Generating synthetic data with block-diagonal covaraince

We use stambo’s synthetic dataset generation functionality to generate the dataset in question.

[2]:
np.random.seed(SEED)
n_subjects = 100
n_data = 300

[3]:
data, y, subject_ids = stambo.synthetic.generate_non_iid_measurements(
    n_data=n_data,
    n_subjects=n_subjects,
    rho=0.8,             # Subject correlation between classes
    subj_sigma=1.0,
    noise_sigma=0.5,
    gamma=0.8,
    mu_cls_1=[2, 2],
    mu_cls_2=[2.1, 2.4],
    overlap=0.2,
    feat_corr=0.5,       # <--- High correlation between Dim 1 and Dim 2
    seed=42
)
[4]:
plt.figure(figsize=(4, 4))
plt.plot(data[y == 0, 0], data[y == 0, 1], "bo")
plt.plot(data[y == 1, 0], data[y == 1, 1], "ro")
plt.show()


_images/Classification_non_iid_6_0.png
[5]:
gss = StratifiedGroupKFold(n_splits=3, shuffle=True, random_state=SEED)
train_idx, test_idx = next(gss.split(data, y, groups=subject_ids))

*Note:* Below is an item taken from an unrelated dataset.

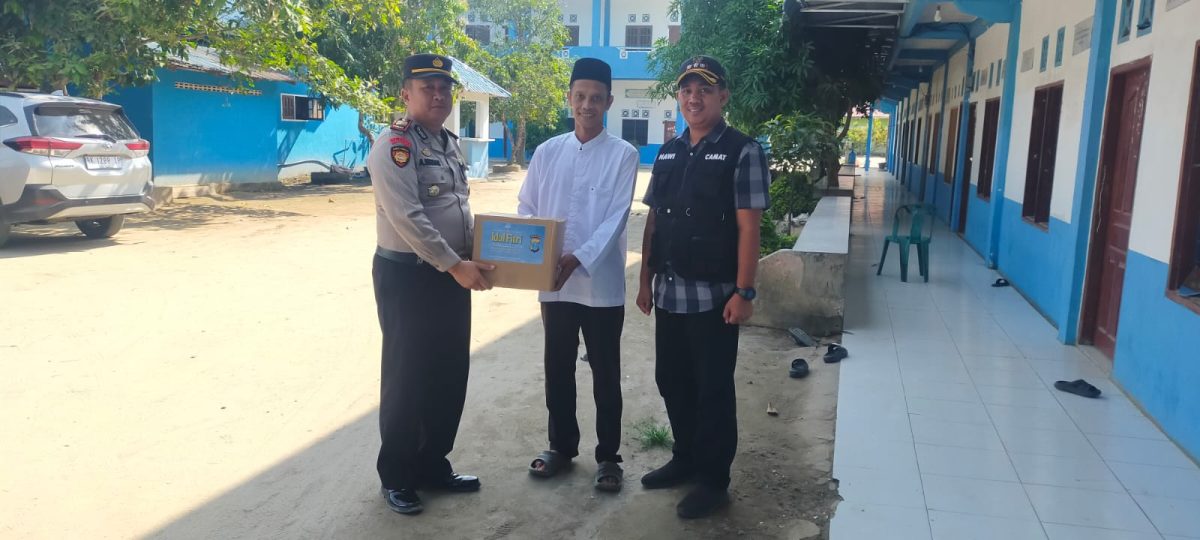– Pembagian Parcel Lebaran Dari Kapolda Sumut Kepada Ponpes Di Wilkum Polsek Tanjung Pura, Kab. Langkat –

# Split the data into training and testing sets
X_train, X_test = data[train_idx], data[test_idx]
y_train, y_test = y[train_idx], y[test_idx]
groups_train, groups_test = subject_ids[train_idx], subject_ids[test_idx]

# Initialize classifiers
knn = KNeighborsClassifier(n_neighbors=5)
logreg = LogisticRegression()

# Train classifiers
knn.fit(X_train, y_train)
logreg.fit(X_train, y_train)

# Make predictions
knn_predictions = knn.predict(X_test)
logreg_predictions = logreg.predict(X_test)

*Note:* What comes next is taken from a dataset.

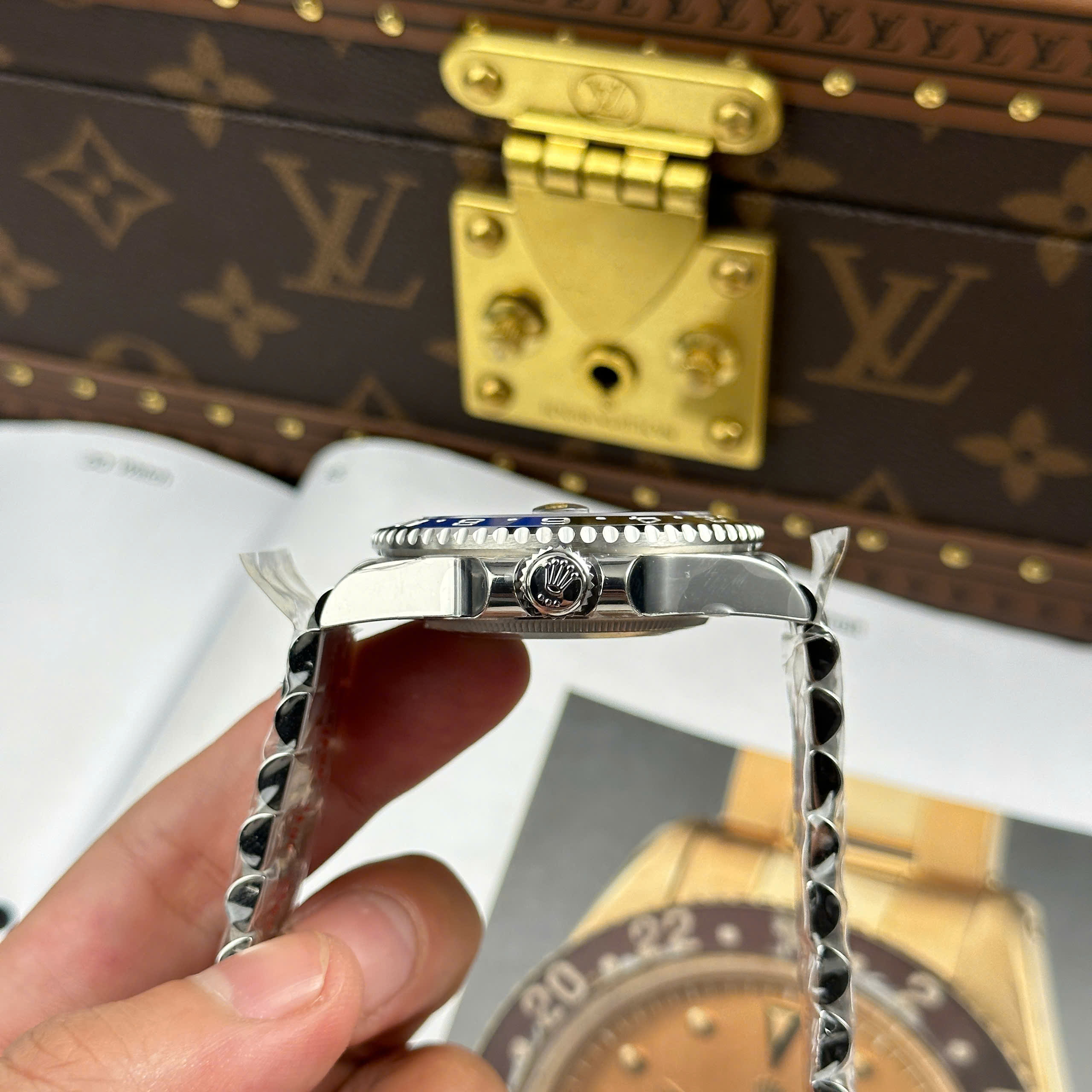 Đồng Hồ Rolex GMT-Master II 40mm 126710BLNR Batgirl Replica 1:1 Clean Factory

What we should expect, is that the difference between two models on small data that perform randomly should not be significan. Let’s look at the naive bootstrap:

[6]:
testing_result = stambo.compare_models(y_test, logreg_predictions, knn_predictions, ("ROCAUC", "AP"),seed=SEED, n_bootstrap=1000)
print(stambo.to_latex(testing_result, m1_name="logreg", m2_name="kNN"))
% \usepackage{booktabs} <-- do not forget to have this imported.
\begin{tabular}{lll} \\
\toprule
\textbf{Model} & \textbf{ROCAUC} & \textbf{AP} \\
\midrule
logreg & $0.45$ [$0.36$-$0.54$] & $0.48$ [$0.39$-$0.58$] \\
kNN & $0.56$ [$0.48$-$0.65$] & $0.54$ [$0.44$-$0.65$] \\
\midrule
Effect size & $0.12$ [$-0.01$-$0.24]$ & $0.06$ [$-0.00$-$0.13]$ \\
\midrule
$p$-value & $0.04$ & $0.05$ \\
\bottomrule
\end{tabular}

We observe statistically significant result here. Let us now correct for clustering:

[7]:
testing_result = stambo.compare_models(y_test, logreg_predictions, knn_predictions, metrics=("ROCAUC", "AP"), groups=groups_test, seed=SEED, n_bootstrap=1000)
print(stambo.to_latex(testing_result, m1_name="LR", m2_name="kNN"))
% \usepackage{booktabs} <-- do not forget to have this imported.
\begin{tabular}{lll} \\
\toprule
\textbf{Model} & \textbf{ROCAUC} & \textbf{AP} \\
\midrule
LR & $0.45$ [$0.30$-$0.62$] & $0.48$ [$0.24$-$0.74$] \\
kNN & $0.56$ [$0.44$-$0.73$] & $0.54$ [$0.34$-$0.74$] \\
\midrule
Effect size & $0.12$ [$-0.10$-$0.34]$ & $0.06$ [$-0.05$-$0.19]$ \\
\midrule
$p$-value & $0.20$ & $0.18$ \\
\bottomrule
\end{tabular}

Summary: According to conventional bootstrap, we did not find any significant difference between the two models. Once we take into account the subject-level structure, we see that the difference is significant, which is valuable in applications.